The Caperton/Citizens United contradiction is more than just theoreticalin North Carolina. Supreme Court Justice Paul Newby embodies it, literally.

Most will remember the 2012 Paul Newby-Sam Ervin race. As Election Day approached, Newby trailed Ervin significantly in the polls. Although judicial races are technically nonpartisan, Newby is a Republican and Ervin is a Democrat. Given that redistricting litigation was pending and with a 4-3 split on the court, both parties showed intense interest in the race’s outcome.

A super PAC called the North Carolina Judicial Coalition and a counterpart named, without irony, Justice For All NC sprung into action. Much of the funding came from the Republican State Leadership Committee in Washington. Folksy ads involving bloodhounds and banjo pickers pervasively appeared. Reportedly, about $3 million in out of state money poured in to help Newby, with roughly $300,000 for Ervin. The tide turned swiftly. Newby got 52 percent of the vote.

In various stages of the 2012 and 2013 redistricting litigation, plaintiffs challenging the Republican-drawn districts twice sought to force Justice Newby’s recusal. They asserted that the Washington-based Republican group, supporting Newby’s candidacy to the tune of $1,165,000 during the election, was also heavily involved in the redistricting effort. Thus, “unless Newby recuses himself, he will rule on the validity of plans that were drawn, endorsed and embraced by the principal funder of a committee supporting his campaign for re-election.” Shades of Caperton.

 


 

Both Newby and the Republican-dominated N.C. Supreme Court denied the recusal requests without explanation. It’s what I think of as the Newby wink.

Is it really plausible to think Newby feels no “possible temptation to hold the balance” in favor of his generous Republican benefactors? Achieving, somehow, a state of perfect ingratitude? Ingratitude for his good fortune in re-securing the job that is likely the most important platform of his professional life and that he surely believes he’s ideally suited for. Must law be this purposefully blind?

Isn’t it more likely that Newby, or anyone in his position, feels that he couldn’t conceivably deny to his ample and outcome-determinative donors the thing they most singularly covet – Republican-leaning legislative and congressional districts? Can we even imagine the retribution Newby would face from his former friends if he were to cast a deciding vote for the Democrats? Do we think intense partisans invest this heavily in pursuit of a leveled electoral playing field? On what planet?

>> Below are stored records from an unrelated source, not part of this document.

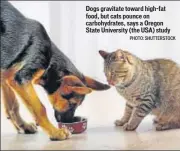  ?? PHOTO: SHUTTERSTO­CK ?? Dogs gravitate toward highfat food, but cats pounce on carbohydra­tes, says a Oregon State University (the USA) study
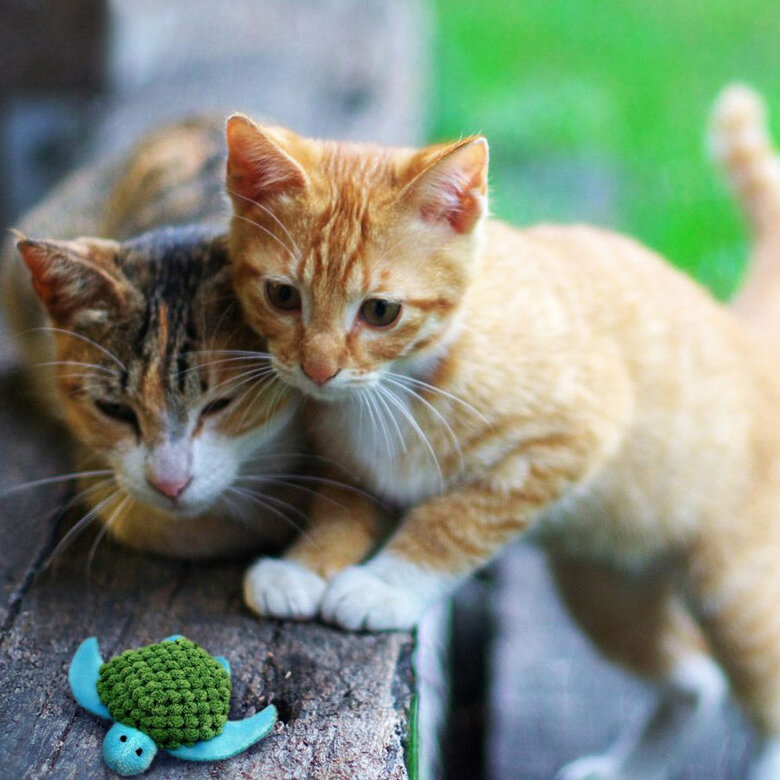 Kong Tartaruga Recarregável de Brinquedo para gatos ,  Imagem número 2 Kong Tartaruga Recarregável de Brinquedo para gatos , , large Imagem número 2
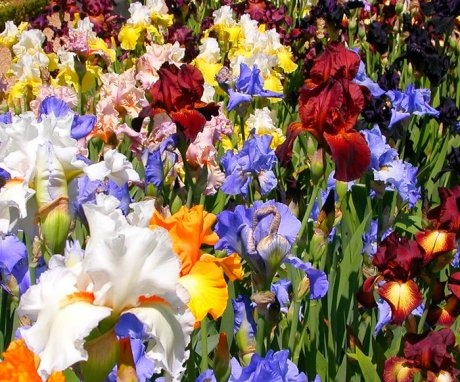 Storage and planting of Dutch irises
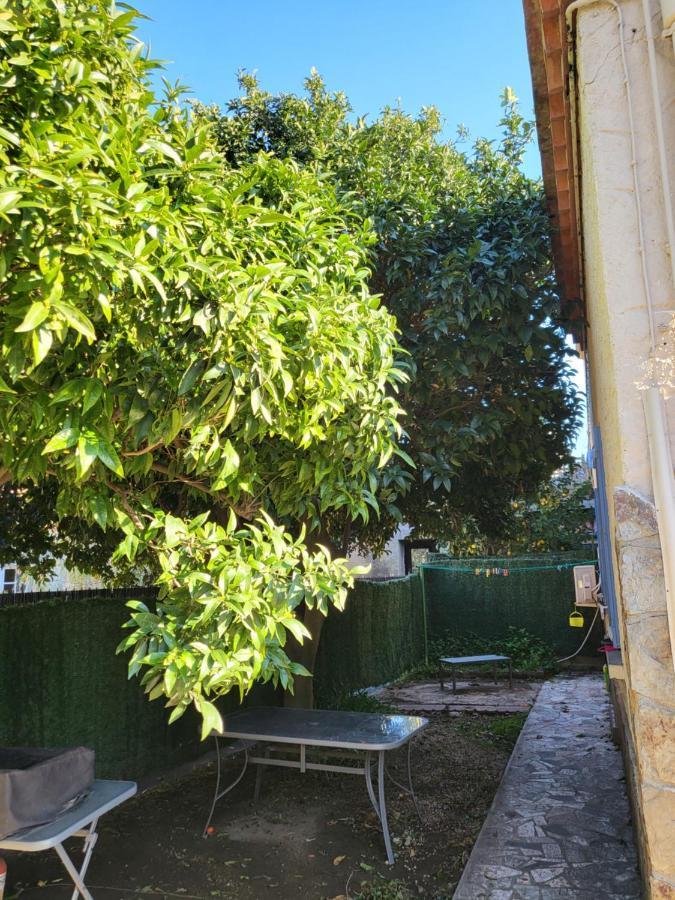 Clementine Apartment Collioure Bagian luar foto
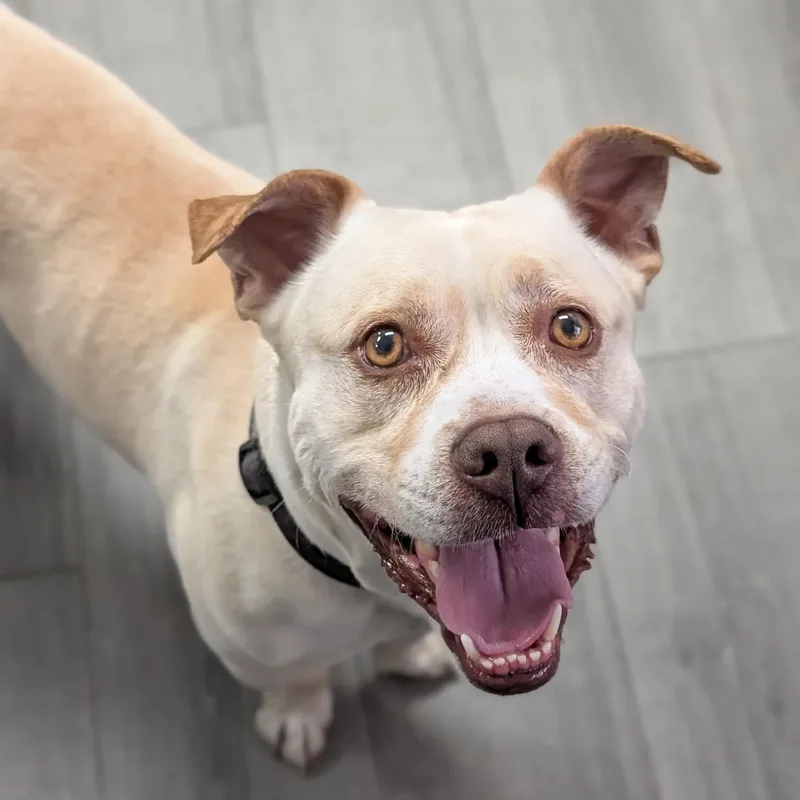 An adult medium-sized male Apricot / Beige Dachshund dog named Chico for adoption in Staten Island, NY
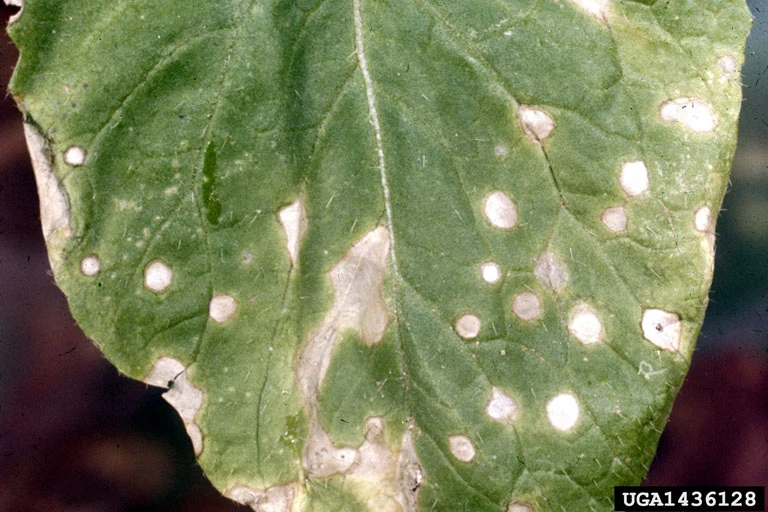 White leaf spot (Brassica) WikiGardener Fandom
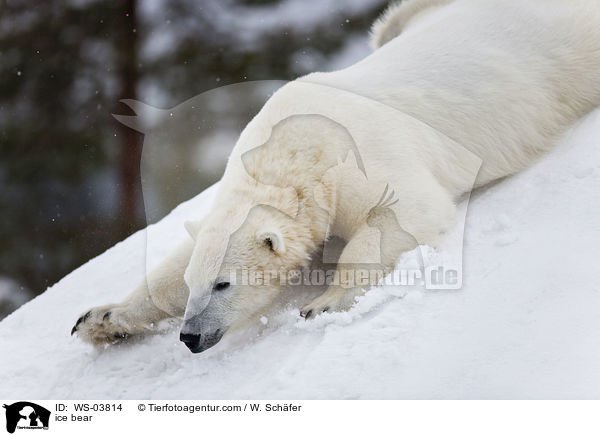 ice bear / WS-03814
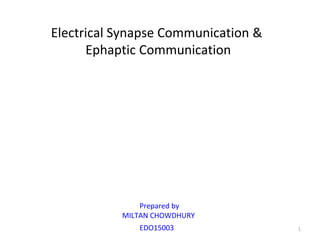 Electrical Synapse Communication &
Ephaptic Communication
Prepared by
MILTAN CHOWDHURY
EDO15003 1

Four of the seven members of our high court will be elected, or re-elected, in November. Perhaps the partisan funders will not be as actively engaged this time around – the battle having been largely won. Perhaps some of our judicial candidates will more meaningfully distance their campaigns from those of the super PACs. But if we continue to accept cash register politics, we embrace the demoralizing deceptions that go with it. Will our new court have five members employing the Newby wink?